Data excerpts
※

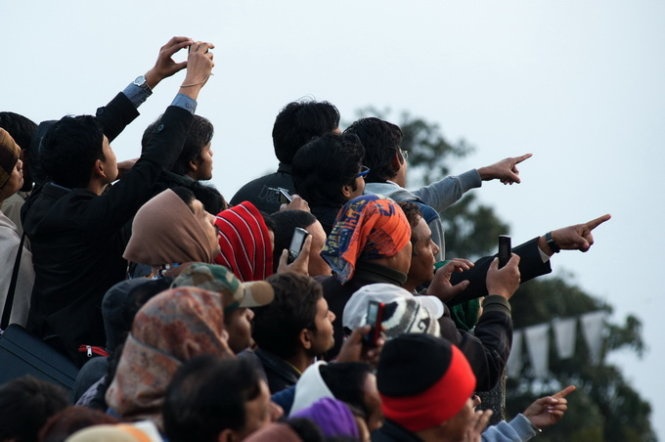 Ngam mat troi tren dinh doi Con Cop hinh anh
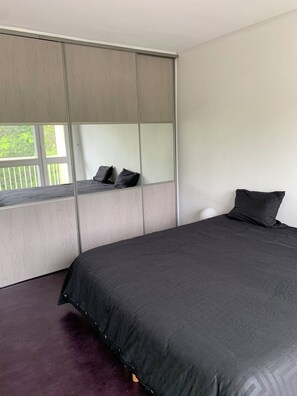 1 bedroom, WiFi - T2 apartment in Saint germain en Laye near RER station ideal for visiting Paris (Saint-Germain-en-Laye)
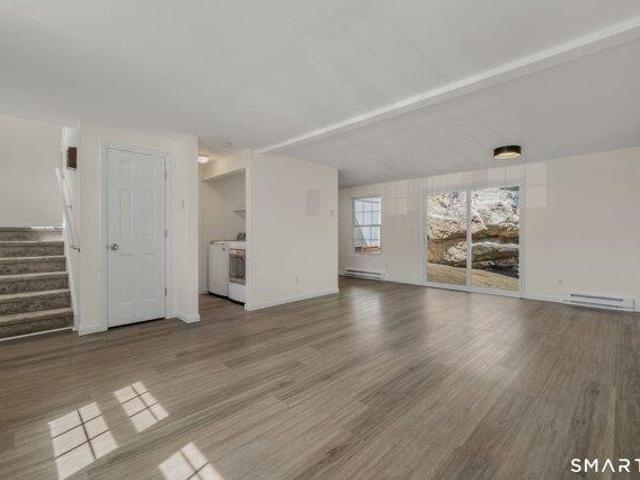 House for sale in Poquonock Bridge, Groton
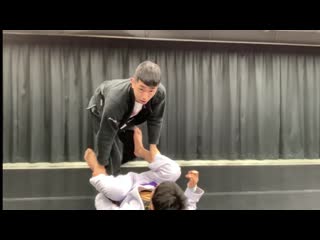 Tomoyuki hasimoto take back with twister hook from delariva position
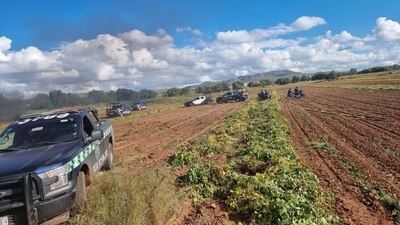 Las autoridades mantienen un operativo en la zona para ubicar a los reos que se fugaron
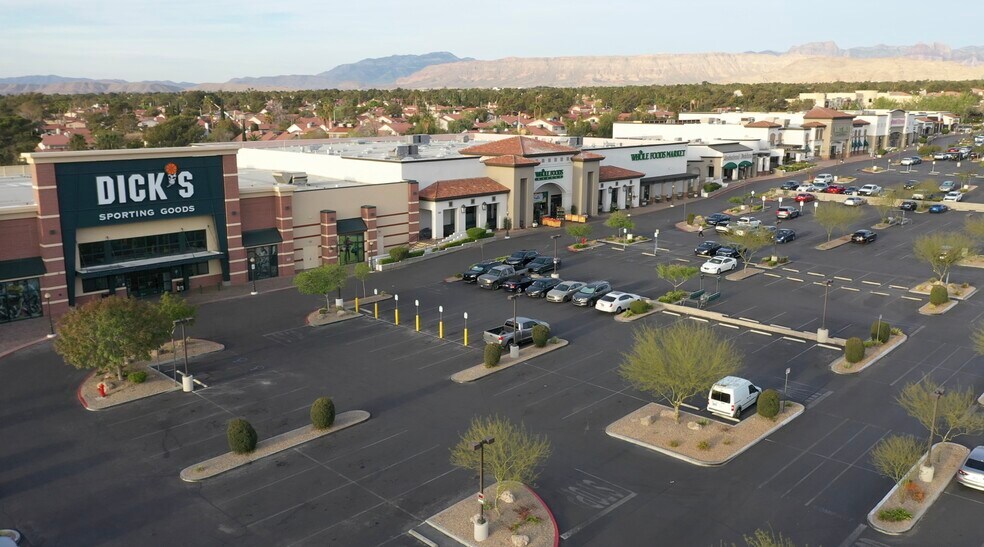 8825-8975 W Charleston Blvd, Las Vegas, NV à louer - Photo du bâtiment - Image 2 de 21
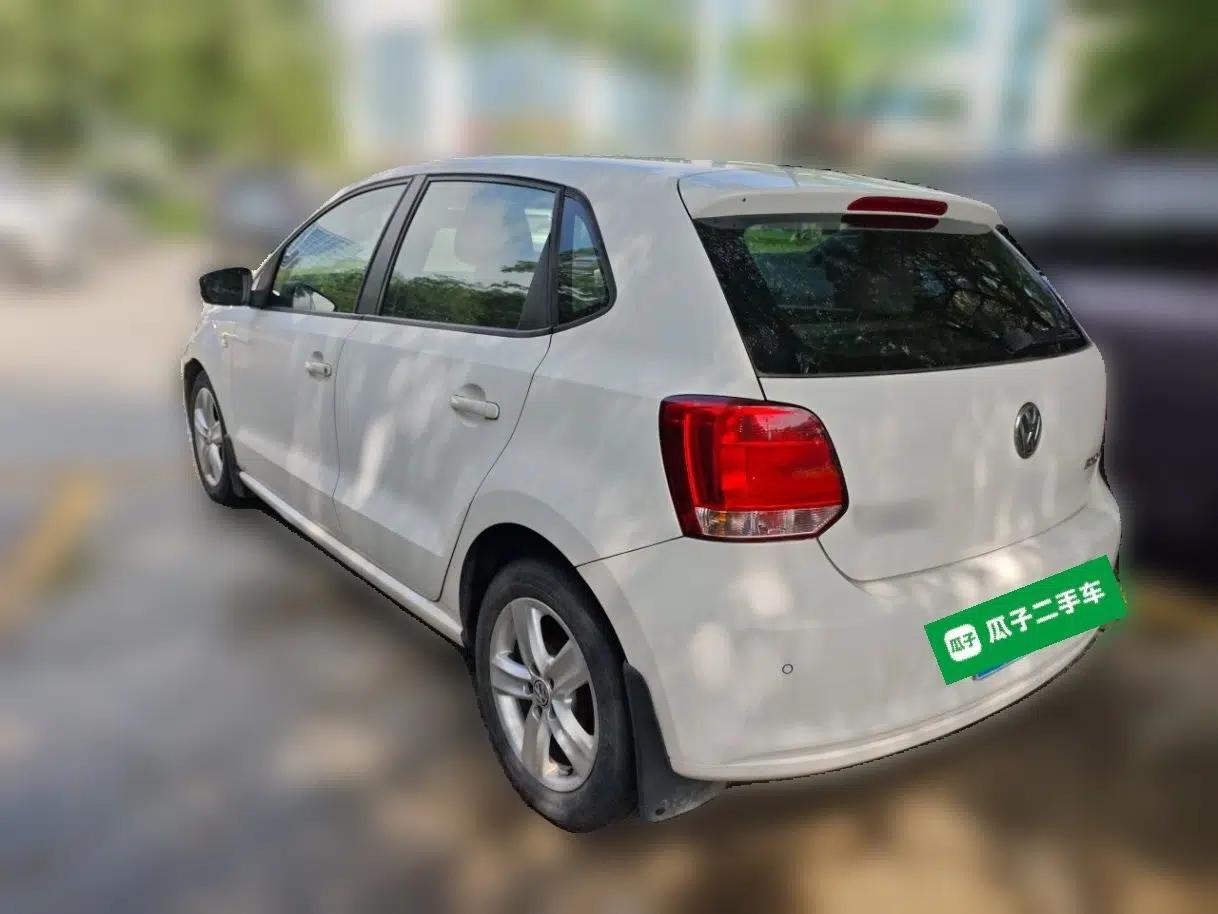 Volkswagen Polo 2011 1.4L Automatic ZhiShang Version — миниатюра 4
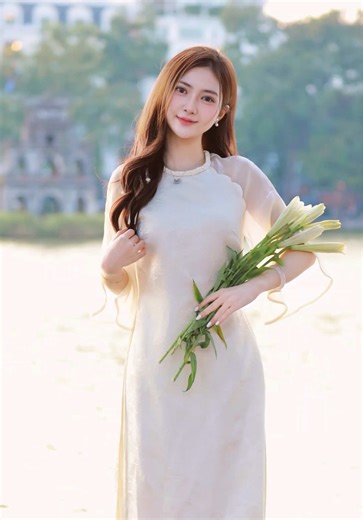 Chụp Ảnh Áo Dài Tại Hồ Gươm Dịp Tết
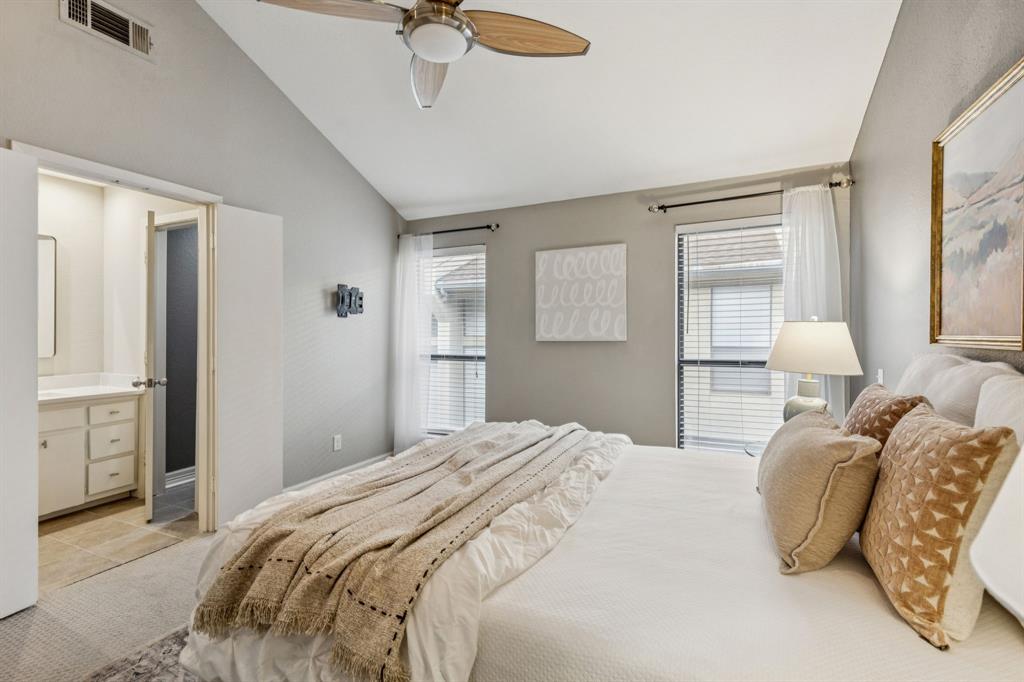 Travis Twnhms 4242 - Residential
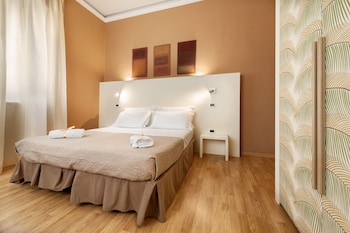 lucca in villa elisa and gentucca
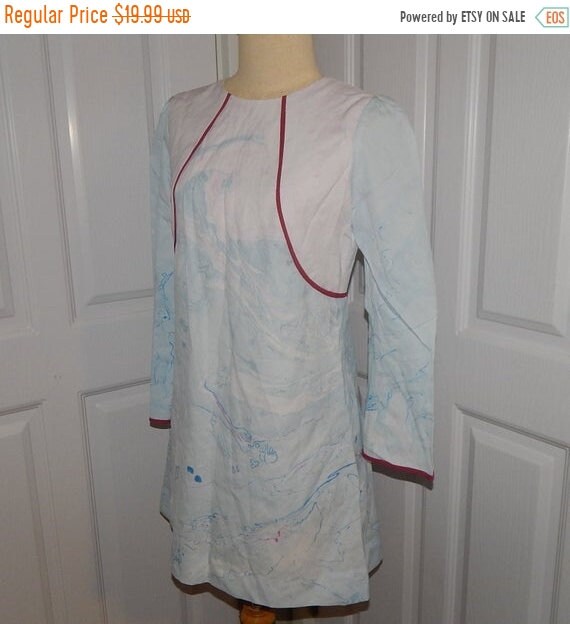 20% Sale Vintage 60s Beautiful Blue Marble Printed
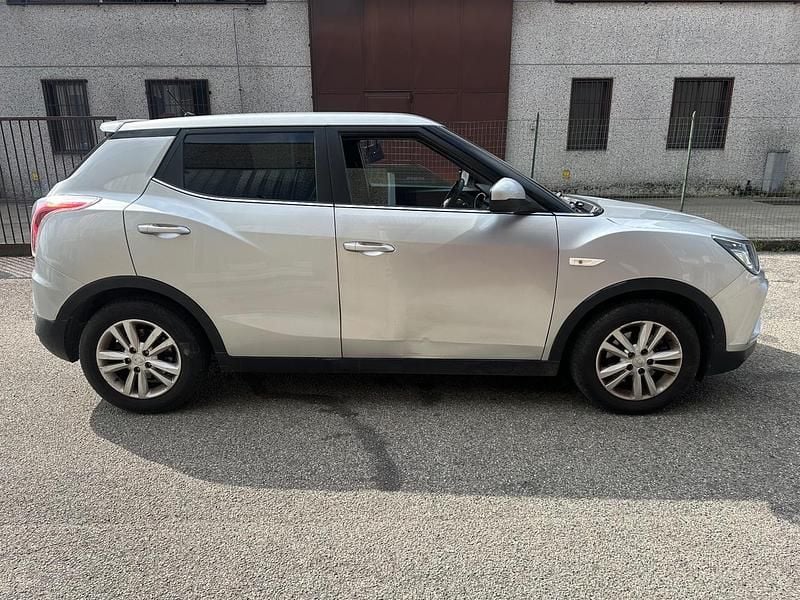 Usata Ssangyong (KGM) Tivoli 127 CV (93 kW) 2018 Argento SUV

※

Give again, word for word, every line from the top of the entries above to the line holding "Las autoridades mantienen", both included. Leave the pictures out.

• **Solution**
 Ngam mat troi tren dinh doi Con Cop hinh anh
 1 bedroom, WiFi - T2 apartment in Saint germain en Laye near RER station ideal for visiting Paris (Saint-Germain-en-Laye)
 House for sale in Poquonock Bridge, Groton
 Tomoyuki hasimoto take back with twister hook from delariva position
 Las autoridades mantienen un operativo en la zona para ubicar a los reos que se fugaron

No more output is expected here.